> _What is being asked_: In the records below, find the line containing "Intervienen 30 kilos" and the line containing "2 Bedroom Flat"; please repeat exactly the lines from one to the other, both included, and nothing more.

> _Materials provided_:
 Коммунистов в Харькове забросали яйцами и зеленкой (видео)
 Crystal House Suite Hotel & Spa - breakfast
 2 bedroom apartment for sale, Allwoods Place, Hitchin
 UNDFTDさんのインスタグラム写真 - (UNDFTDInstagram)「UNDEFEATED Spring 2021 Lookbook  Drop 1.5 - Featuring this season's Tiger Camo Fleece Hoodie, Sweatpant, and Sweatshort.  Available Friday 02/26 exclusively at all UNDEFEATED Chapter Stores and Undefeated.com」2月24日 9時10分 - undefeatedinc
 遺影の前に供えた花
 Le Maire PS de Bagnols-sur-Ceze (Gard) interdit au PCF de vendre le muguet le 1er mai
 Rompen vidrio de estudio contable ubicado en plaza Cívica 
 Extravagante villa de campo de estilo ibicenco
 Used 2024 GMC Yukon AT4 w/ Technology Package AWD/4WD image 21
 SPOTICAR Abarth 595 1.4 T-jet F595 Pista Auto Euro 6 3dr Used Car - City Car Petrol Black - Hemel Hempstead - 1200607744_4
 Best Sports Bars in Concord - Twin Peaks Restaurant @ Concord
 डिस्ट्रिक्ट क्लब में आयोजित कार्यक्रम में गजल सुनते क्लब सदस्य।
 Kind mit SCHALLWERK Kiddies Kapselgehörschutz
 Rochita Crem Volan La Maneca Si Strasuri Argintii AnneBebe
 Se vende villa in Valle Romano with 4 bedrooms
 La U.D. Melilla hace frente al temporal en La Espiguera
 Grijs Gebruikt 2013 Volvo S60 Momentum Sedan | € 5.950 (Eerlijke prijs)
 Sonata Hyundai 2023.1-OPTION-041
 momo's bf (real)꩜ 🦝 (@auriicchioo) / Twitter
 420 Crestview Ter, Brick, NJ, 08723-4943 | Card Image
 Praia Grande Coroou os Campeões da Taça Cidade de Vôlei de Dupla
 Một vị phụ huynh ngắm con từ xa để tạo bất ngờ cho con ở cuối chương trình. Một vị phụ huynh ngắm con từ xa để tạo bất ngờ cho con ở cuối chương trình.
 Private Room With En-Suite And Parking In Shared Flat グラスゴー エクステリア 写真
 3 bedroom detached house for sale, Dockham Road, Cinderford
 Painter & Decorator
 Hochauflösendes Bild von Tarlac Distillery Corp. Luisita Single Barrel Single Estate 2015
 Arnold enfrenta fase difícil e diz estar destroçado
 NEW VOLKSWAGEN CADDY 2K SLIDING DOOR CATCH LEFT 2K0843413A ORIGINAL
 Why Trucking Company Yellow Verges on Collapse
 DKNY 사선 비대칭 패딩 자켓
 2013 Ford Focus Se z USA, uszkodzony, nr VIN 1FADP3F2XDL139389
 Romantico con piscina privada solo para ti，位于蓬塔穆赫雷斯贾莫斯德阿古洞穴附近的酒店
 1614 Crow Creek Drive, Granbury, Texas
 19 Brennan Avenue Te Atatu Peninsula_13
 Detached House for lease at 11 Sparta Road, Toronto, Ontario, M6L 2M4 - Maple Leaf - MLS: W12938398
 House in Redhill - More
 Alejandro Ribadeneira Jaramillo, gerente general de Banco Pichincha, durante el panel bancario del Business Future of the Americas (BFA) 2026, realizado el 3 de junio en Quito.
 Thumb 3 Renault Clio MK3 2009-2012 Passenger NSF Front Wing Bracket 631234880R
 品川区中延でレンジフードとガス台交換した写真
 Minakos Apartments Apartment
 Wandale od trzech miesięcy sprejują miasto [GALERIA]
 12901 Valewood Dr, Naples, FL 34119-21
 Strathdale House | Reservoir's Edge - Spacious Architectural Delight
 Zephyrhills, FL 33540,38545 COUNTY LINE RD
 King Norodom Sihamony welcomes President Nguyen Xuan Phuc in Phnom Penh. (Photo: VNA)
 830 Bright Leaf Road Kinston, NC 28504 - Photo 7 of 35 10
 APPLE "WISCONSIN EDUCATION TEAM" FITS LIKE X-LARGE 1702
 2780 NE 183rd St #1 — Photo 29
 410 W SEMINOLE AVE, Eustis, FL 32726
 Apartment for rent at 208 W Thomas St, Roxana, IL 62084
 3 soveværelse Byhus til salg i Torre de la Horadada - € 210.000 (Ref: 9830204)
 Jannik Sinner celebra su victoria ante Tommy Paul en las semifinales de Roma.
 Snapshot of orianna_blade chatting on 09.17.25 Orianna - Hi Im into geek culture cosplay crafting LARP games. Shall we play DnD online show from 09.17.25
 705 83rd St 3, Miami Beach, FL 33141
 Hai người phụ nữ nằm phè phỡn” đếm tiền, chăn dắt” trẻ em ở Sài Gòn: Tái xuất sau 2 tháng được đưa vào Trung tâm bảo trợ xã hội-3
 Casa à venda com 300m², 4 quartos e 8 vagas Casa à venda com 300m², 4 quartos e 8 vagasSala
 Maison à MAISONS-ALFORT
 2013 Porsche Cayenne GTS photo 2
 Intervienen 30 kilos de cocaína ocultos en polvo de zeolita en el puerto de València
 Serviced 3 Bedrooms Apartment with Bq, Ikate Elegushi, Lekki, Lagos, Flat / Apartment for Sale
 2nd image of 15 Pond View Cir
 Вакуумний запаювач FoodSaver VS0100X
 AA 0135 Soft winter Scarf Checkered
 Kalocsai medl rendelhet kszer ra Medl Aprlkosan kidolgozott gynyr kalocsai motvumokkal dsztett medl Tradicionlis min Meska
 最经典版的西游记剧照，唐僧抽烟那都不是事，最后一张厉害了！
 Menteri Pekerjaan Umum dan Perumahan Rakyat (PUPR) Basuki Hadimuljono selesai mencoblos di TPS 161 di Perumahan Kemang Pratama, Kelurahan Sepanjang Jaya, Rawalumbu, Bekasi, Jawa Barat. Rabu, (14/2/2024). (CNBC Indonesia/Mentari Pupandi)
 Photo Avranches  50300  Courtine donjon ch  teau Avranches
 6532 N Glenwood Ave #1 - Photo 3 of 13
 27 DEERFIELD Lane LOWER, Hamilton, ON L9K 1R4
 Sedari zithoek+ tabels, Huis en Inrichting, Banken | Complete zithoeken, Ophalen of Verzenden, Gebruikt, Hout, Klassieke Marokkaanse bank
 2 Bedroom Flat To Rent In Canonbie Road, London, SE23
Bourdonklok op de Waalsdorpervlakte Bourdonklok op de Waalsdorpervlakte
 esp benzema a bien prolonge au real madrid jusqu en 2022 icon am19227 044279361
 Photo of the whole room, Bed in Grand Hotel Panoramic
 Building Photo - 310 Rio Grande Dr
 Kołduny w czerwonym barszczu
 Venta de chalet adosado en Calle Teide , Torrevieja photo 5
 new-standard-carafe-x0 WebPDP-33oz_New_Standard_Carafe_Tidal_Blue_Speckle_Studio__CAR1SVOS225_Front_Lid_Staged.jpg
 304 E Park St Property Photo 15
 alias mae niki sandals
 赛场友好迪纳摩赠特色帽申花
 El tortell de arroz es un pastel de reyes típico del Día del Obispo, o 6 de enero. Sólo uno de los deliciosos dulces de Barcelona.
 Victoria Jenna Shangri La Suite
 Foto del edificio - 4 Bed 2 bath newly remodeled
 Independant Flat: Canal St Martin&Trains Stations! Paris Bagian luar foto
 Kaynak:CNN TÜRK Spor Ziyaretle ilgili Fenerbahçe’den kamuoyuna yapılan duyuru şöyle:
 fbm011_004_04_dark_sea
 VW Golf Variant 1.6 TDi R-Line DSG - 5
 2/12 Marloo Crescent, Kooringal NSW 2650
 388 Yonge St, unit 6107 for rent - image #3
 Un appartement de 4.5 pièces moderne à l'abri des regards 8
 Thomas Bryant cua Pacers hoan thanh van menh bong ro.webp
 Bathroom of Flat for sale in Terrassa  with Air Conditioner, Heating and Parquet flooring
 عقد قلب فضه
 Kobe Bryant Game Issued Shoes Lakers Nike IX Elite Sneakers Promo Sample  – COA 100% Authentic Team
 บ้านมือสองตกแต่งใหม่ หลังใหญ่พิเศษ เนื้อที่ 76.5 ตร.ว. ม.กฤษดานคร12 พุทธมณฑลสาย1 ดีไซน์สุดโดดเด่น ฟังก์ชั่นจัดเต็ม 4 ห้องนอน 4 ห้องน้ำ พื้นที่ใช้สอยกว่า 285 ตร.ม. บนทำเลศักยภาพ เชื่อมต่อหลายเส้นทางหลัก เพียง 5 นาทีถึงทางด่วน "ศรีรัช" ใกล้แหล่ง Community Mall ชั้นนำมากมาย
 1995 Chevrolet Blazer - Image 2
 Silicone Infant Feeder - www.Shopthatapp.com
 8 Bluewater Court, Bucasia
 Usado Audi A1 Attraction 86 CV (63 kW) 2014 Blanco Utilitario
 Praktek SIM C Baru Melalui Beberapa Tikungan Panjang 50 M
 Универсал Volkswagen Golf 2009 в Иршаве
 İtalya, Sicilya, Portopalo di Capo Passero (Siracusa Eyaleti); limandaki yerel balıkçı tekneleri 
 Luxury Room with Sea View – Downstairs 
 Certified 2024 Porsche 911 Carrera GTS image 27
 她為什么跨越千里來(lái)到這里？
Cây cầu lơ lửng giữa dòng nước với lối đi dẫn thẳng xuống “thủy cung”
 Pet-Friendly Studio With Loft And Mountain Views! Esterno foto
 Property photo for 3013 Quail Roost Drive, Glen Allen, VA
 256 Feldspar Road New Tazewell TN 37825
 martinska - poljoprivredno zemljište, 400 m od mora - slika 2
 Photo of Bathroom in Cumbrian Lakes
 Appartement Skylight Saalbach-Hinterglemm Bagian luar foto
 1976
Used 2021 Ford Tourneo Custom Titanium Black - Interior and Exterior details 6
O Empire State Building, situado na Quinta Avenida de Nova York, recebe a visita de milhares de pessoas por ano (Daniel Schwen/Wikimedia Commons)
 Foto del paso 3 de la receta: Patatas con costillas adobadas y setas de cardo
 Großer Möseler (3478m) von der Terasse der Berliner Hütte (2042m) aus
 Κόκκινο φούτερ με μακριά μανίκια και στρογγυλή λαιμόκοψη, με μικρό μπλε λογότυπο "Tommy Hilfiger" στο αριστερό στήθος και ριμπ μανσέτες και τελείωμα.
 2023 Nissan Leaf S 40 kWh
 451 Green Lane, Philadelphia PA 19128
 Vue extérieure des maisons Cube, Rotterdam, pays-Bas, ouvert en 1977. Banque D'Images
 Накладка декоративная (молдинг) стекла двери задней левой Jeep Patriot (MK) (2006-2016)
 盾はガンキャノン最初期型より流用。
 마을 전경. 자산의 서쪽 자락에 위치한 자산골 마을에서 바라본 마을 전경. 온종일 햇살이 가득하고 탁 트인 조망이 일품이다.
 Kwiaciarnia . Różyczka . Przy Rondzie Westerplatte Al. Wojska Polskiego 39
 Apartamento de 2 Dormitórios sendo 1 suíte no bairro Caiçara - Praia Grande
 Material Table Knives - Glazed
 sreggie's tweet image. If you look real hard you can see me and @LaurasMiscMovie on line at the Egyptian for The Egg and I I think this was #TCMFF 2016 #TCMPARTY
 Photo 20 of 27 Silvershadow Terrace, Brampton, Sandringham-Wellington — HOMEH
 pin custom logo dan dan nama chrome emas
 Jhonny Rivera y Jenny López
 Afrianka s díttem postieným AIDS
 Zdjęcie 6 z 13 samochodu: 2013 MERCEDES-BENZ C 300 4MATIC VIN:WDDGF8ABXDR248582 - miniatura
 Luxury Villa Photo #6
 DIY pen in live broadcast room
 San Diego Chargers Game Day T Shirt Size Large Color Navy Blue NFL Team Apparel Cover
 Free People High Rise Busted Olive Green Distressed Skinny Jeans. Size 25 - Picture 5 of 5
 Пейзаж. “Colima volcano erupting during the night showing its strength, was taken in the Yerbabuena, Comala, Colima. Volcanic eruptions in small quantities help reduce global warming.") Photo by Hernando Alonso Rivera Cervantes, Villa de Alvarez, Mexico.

> _Exercise output_:
 Intervienen 30 kilos de cocaína ocultos en polvo de zeolita en el puerto de València
 Serviced 3 Bedrooms Apartment with Bq, Ikate Elegushi, Lekki, Lagos, Flat / Apartment for Sale
 2nd image of 15 Pond View Cir
 Вакуумний запаювач FoodSaver VS0100X
 AA 0135 Soft winter Scarf Checkered
 Kalocsai medl rendelhet kszer ra Medl Aprlkosan kidolgozott gynyr kalocsai motvumokkal dsztett medl Tradicionlis min Meska
 最经典版的西游记剧照，唐僧抽烟那都不是事，最后一张厉害了！
 Menteri Pekerjaan Umum dan Perumahan Rakyat (PUPR) Basuki Hadimuljono selesai mencoblos di TPS 161 di Perumahan Kemang Pratama, Kelurahan Sepanjang Jaya, Rawalumbu, Bekasi, Jawa Barat. Rabu, (14/2/2024). (CNBC Indonesia/Mentari Pupandi)
 Photo Avranches  50300  Courtine donjon ch  teau Avranches
 6532 N Glenwood Ave #1 - Photo 3 of 13
 27 DEERFIELD Lane LOWER, Hamilton, ON L9K 1R4
 Sedari zithoek+ tabels, Huis en Inrichting, Banken | Complete zithoeken, Ophalen of Verzenden, Gebruikt, Hout, Klassieke Marokkaanse bank
 2 Bedroom Flat To Rent In Canonbie Road, London, SE23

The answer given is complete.